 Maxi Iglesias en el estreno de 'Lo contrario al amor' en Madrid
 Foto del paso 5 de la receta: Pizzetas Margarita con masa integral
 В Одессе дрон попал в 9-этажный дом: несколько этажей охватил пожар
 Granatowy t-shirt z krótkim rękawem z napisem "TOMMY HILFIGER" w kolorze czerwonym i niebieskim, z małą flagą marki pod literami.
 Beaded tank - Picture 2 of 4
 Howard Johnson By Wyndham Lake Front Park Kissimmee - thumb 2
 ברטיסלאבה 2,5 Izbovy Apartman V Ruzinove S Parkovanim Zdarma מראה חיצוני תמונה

· · · ·

= TASK OBJECTIVE =
What is needed is an exact copy of the entries above, from the first line through the line holding "Granatowy t-shirt z", with both of those lines kept; please give nothing else.

= TASK RESPONSE =
 Maxi Iglesias en el estreno de 'Lo contrario al amor' en Madrid
 Foto del paso 5 de la receta: Pizzetas Margarita con masa integral
 В Одессе дрон попал в 9-этажный дом: несколько этажей охватил пожар
 Granatowy t-shirt z krótkim rękawem z napisem "TOMMY HILFIGER" w kolorze czerwonym i niebieskim, z małą flagą marki pod literami.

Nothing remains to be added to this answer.